2. The detachable lithium paste battery composite unit according to claim 1, wherein: the negative active layer is negative active conductive particles in a semi-dry slurry state or a dry powder state; the negative active conductive particles are a conductive agent or a composite or mixture of a negative active material and a conductive agent; the solid content of the negative active conductive particles is 40-100%; the mass ratio of the negative electrode active material to the conductive agent is 20-98: 80-2.
3. The composite unit of a detachable lithium paste battery according to claim 1 or 2, wherein: the composite unit of the detachable lithium slurry battery further comprises a positive current collecting layer and a positive electrode lug arranged on one side of the positive current collecting layer, and one side, which is not provided with the positive electrode lug, of the positive current collecting layer is composited on the outer side of the isolating layer.
4. The composite unit of a detachable lithium paste battery according to any one of claims 1 to 3, wherein: the negative electrode sealing frame, the negative electrode tab and the negative electrode plate are fixed with each other in a welding, bonding or pressure clamping manner; the positive pole lug and the positive pole current collecting layer are fixed in a welding, bonding or pressure clamping mode.

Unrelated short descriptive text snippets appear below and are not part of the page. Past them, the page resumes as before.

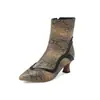 Botas femininas de salto alto bico fino color block da moda, tamanho grande, botas curtas para outono e inverno 7701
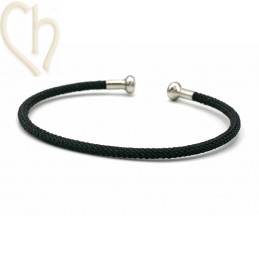 Bracelet Jonc acier Corde avec embout visé - Noir Rhodium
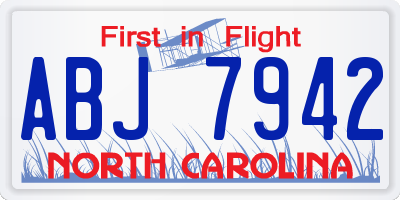 NC license plate ABJ7942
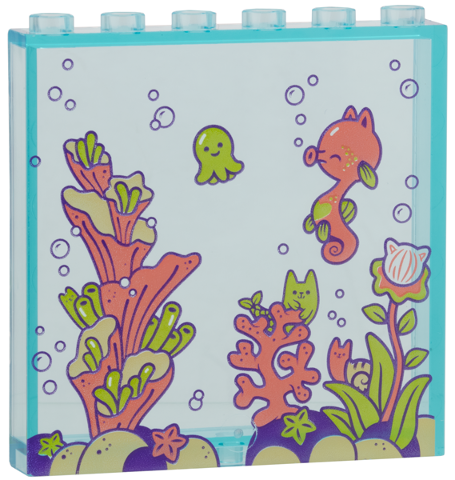 Panel 1 x 6 x 5 with Wall Panel with Lime, Coral, and Tan Coral and Kitty Sea Life Pattern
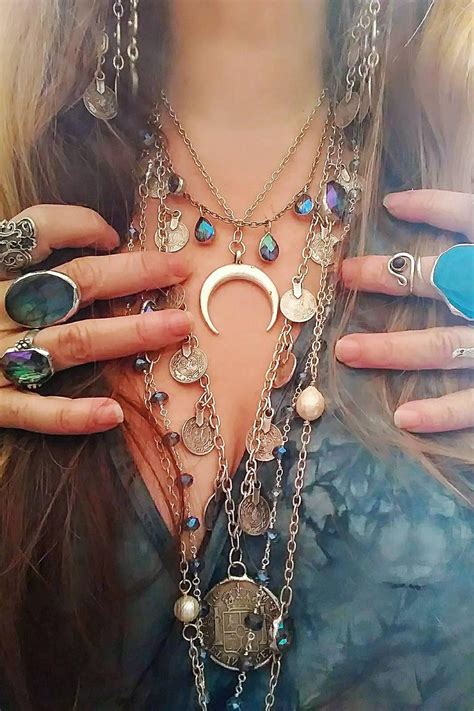 Crescent Moon Necklace Hippie Boho Bohemian Style Jewelry In 2021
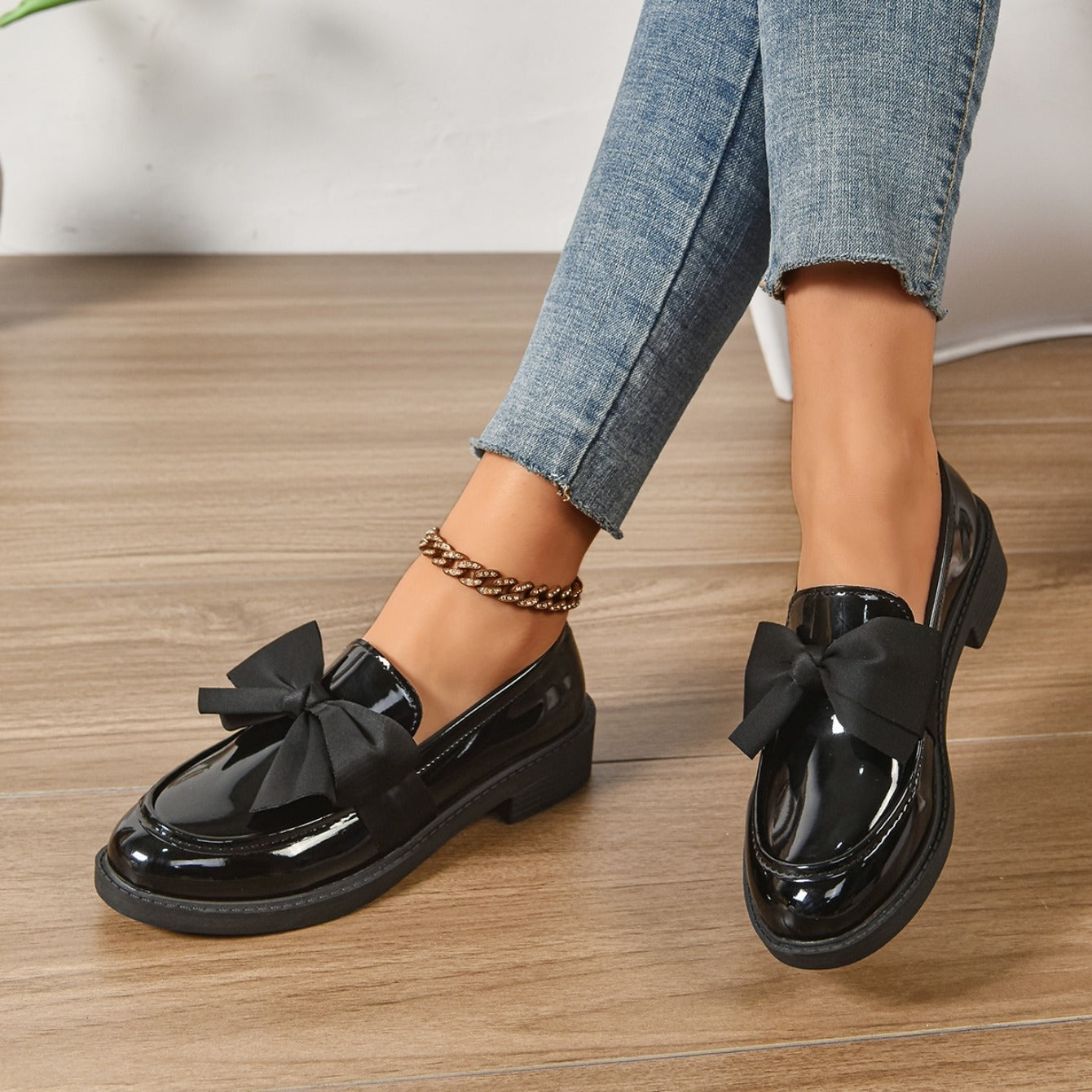 Mocasín de charol de plataforma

5. A lithium paste battery characterized in that: the lithium paste battery comprises a composite unit of the detachable lithium paste battery according to any one of claims 1 to 4.
6. The lithium paste battery according to claim 5, wherein: the lithium slurry battery comprises a battery cell and a battery shell for accommodating the battery cell;
the battery core comprises a positive electrode sealing frame and a composite unit of the detachable lithium paste battery of any one of claims 1 to 4;
the positive electrode sealing frame is independently arranged or integrally formed with the inner cavity of the battery shell;
the composite unit of the detachable lithium slurry battery and the positive electrode sealing frame are alternately stacked to form a negative electrode part and a positive electrode part.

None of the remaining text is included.